Por Oscar Aimar
Sahumerios
El muchacho vende sahumerios. Me ofrece, y aunque no le compro, nos ponemos a hablar. Es simpático, inteligente, y se le notan algunas lecturas. Las ideas, precedidas por las rastas, se proclaman antisistema. Rechaza, porque lo abruman sus requisitos, la sociedad de consumo, el materialismo, el utilitarismo. No puede advertir, porque los cumple naturalmente, el rigor de los requisitos que su propio sistema de valores exige: la juventud, la falta de responsabilidades, la frescura, la inocencia, el moralismo, la fuerza.
Pero es inteligente. Vende sahumerios y hace artesanías, me cuenta con pocas, justas palabras. Compro una cerveza, y la tomamos juntos, hermanados. Es cortés y educado, pero mira al resto de los humanos desde cierto lugar de superioridad moral, porque compara su propia, rica interioridad, con el exterior de los otros.

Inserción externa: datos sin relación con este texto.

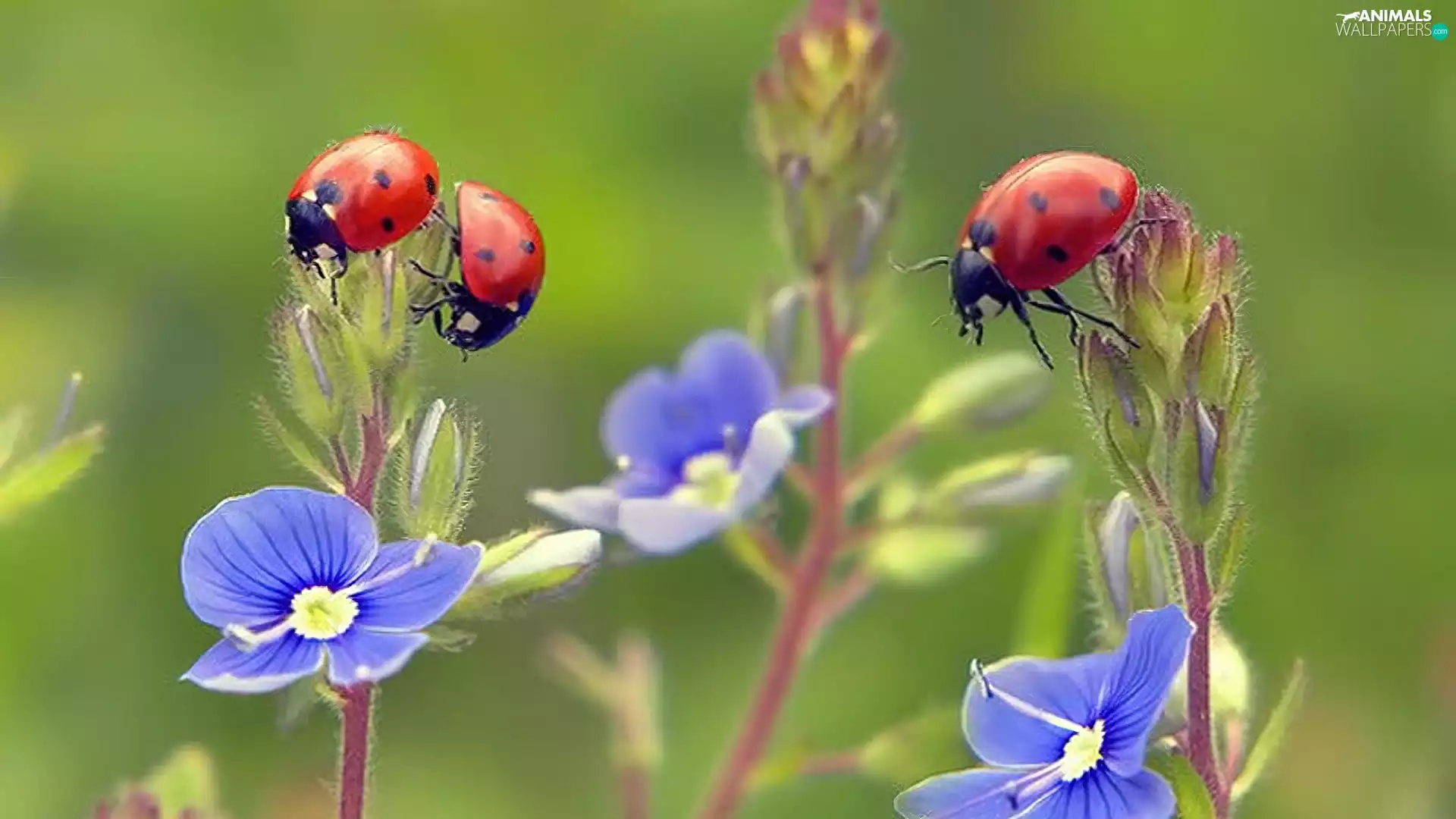 ladybugs, Blue, Flowers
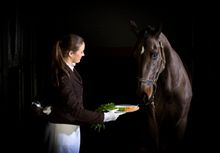 CPA - Ultimate Horse Check-in, carrotts served on silver plate 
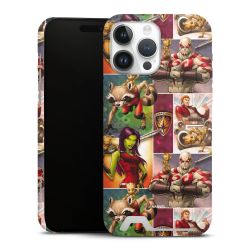 Premium Card Case matt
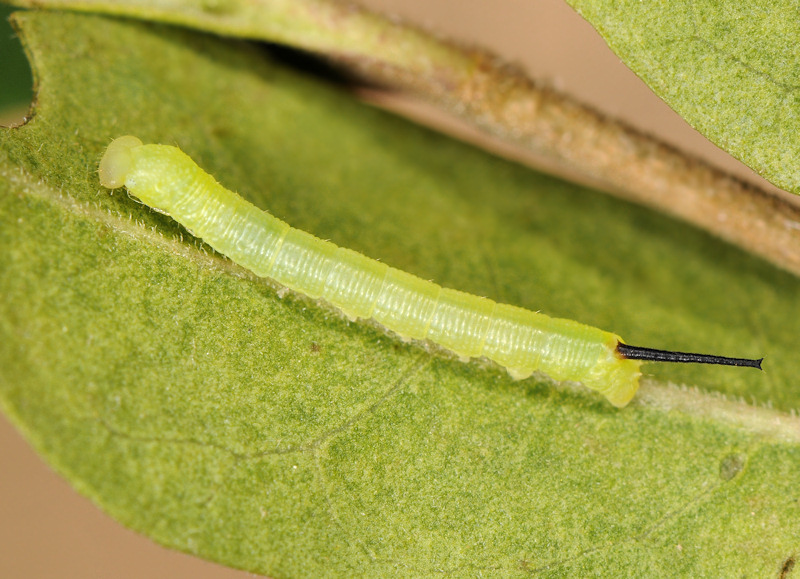 Ciclo vitale della Sfinge testa di morto, Acherontia atropos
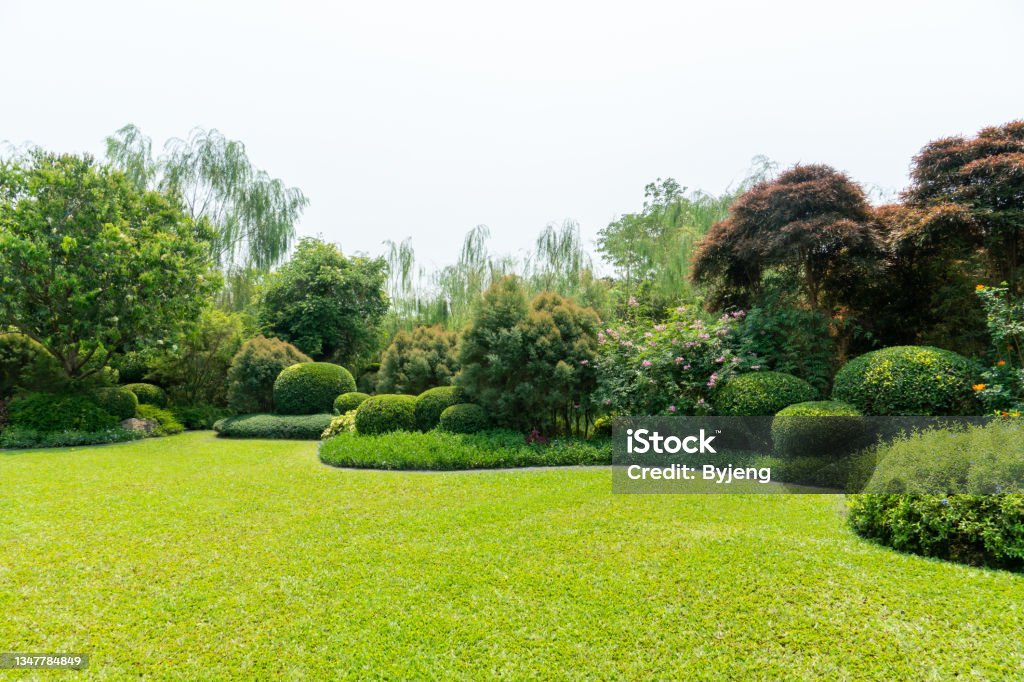 Scenic View of a Beautiful Landscape Garden with a Green Mowed Lawn Front or Back Yard, Lawn, Mowing, Formal Garden, House Yard - Grounds Stock Photo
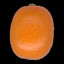 Golden Kumquat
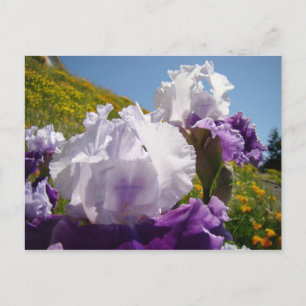 Irises Flower meadow post card Purple White Iris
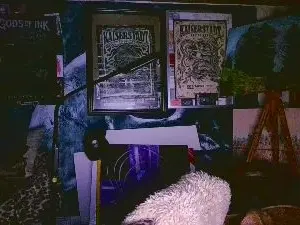 Cam4 Best live sex cam show of blindsurfer
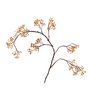 Corallo Berry Spray Orange LV330083ORA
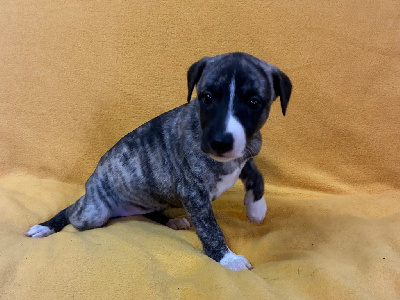 Les chiots de Whippet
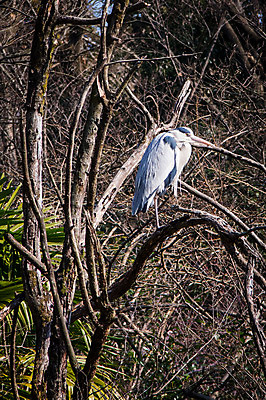 포토 JPG 주간 한마리 야생동물 자연 사람없음 야외 학 나뭇가지 왜가리 국내포토 자연요소 나무 동물 1 조류 생태계 파일형식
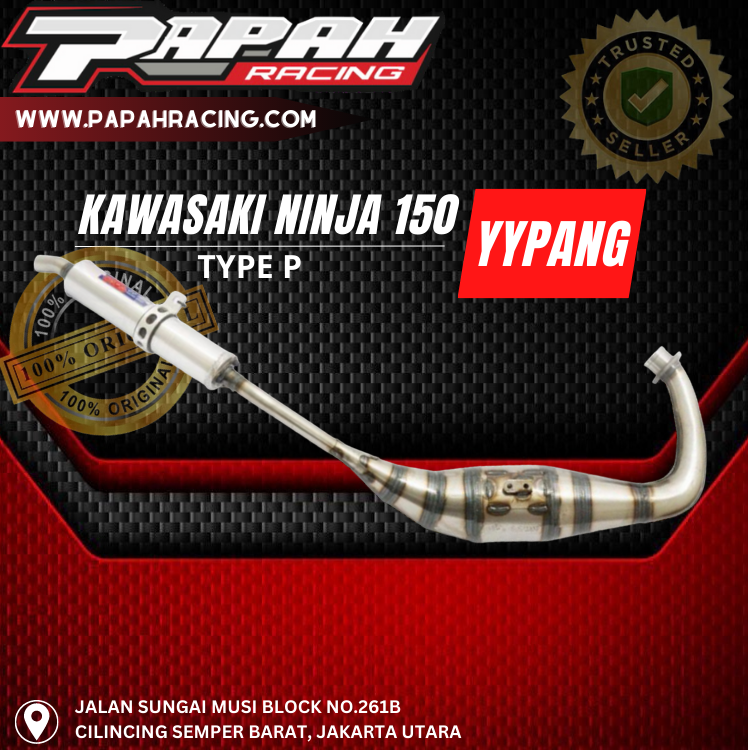 KNALPOT YYPANG NINJA 150R RR TYPE P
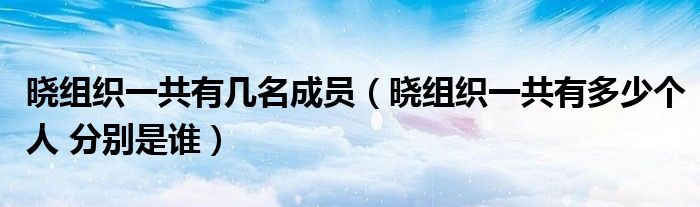 晓组织一共有多少个人 分别是谁(晓组织一共有几名成员)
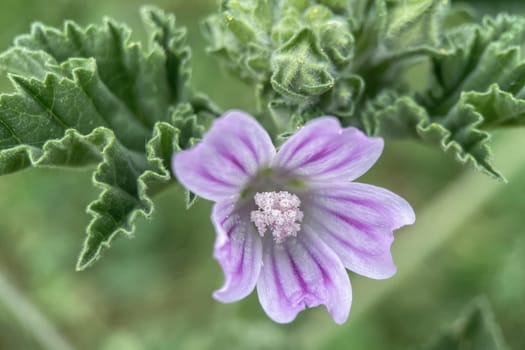 The Magic of Spring. The Awakening of Nature and the Macro View of Wild Flowers. Fascinating Details of the Natural Revival of Spring. Awakening of Nature with Macro Photography of Wild Flowers.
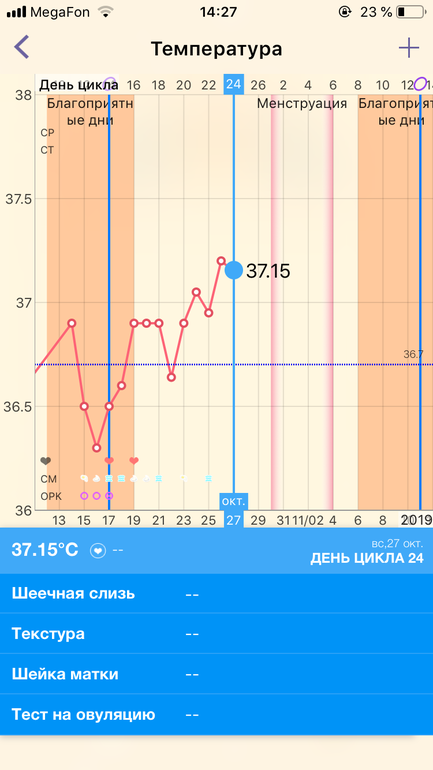 Менструально овуляторный цикл. График овуляции при 28 дневном цикле. Овуляция при месячных может быть. Схема нормального менструационного цикла. Беременный график с ранней овуляцией.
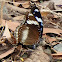 Oriental Great Eggfly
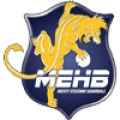 Massy Essonne logo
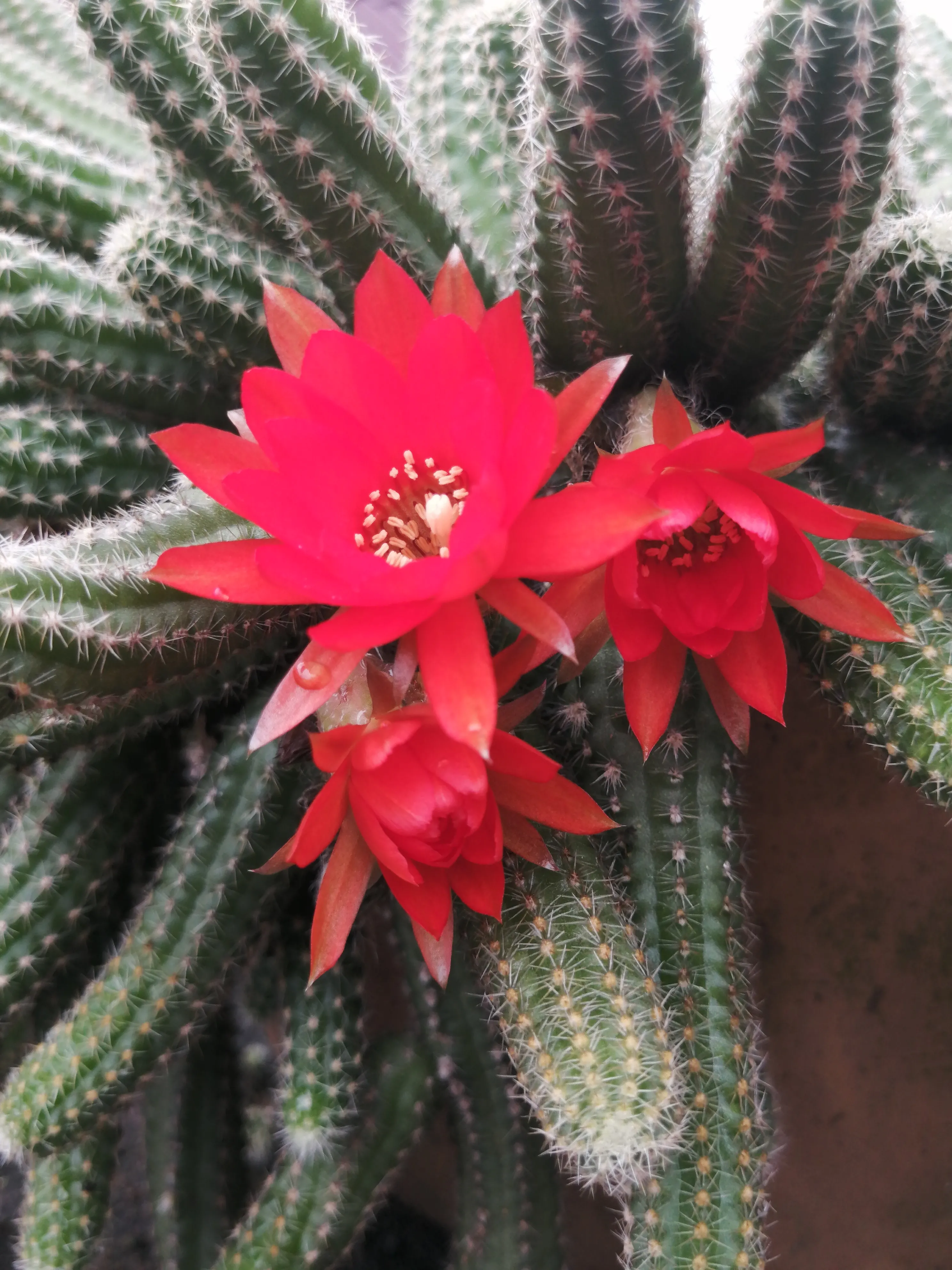 今年的白檀仙人指 毛毛蟲 爆盆了 請花友們一起欣賞 作揖 呲牙 玫瑰 玫瑰 比心 比心 比心 天天看點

Previsiblemente, propugna, como remedio a los males que su sensibilidad detecta confusamente, una vuelta a los modos de producción anteriores, “naturales”, dice él. Me acuerdo de Sabina; “me escapé de los tontos por ciento del verso del business, dando clases en una academia de canto del cisne…” Y de Abelardo Barra Ruatta: “Lo natural del hombre es su artificialidad.”
No le digo esas cosas; adhiero sin resistencias a sus críticas románticas, impresionistas, porque tiene algunas razones, y porque algo en él me recuerda a mí mismo, mientras la botella va de uno a otro, igualadora. No le digo que el deplorable sistema provee de subsistencia a 8 mil millones de personas, y que una vuelta a los modos de producción que él aconseja implicaría la más cruel selección natural que la humanidad ha enfrentado nunca…
No le digo que hemos avanzado tanto en esta complejidad, que lo que él recomienda equivaldría a desarmar un lenguaje constituido, y empezar a hablar de otra manera. Porque sé que no tiene malas intenciones, que la cerveza está buena, y que todo acuerdo no se basa más que en un desarrollo incompleto del discurso.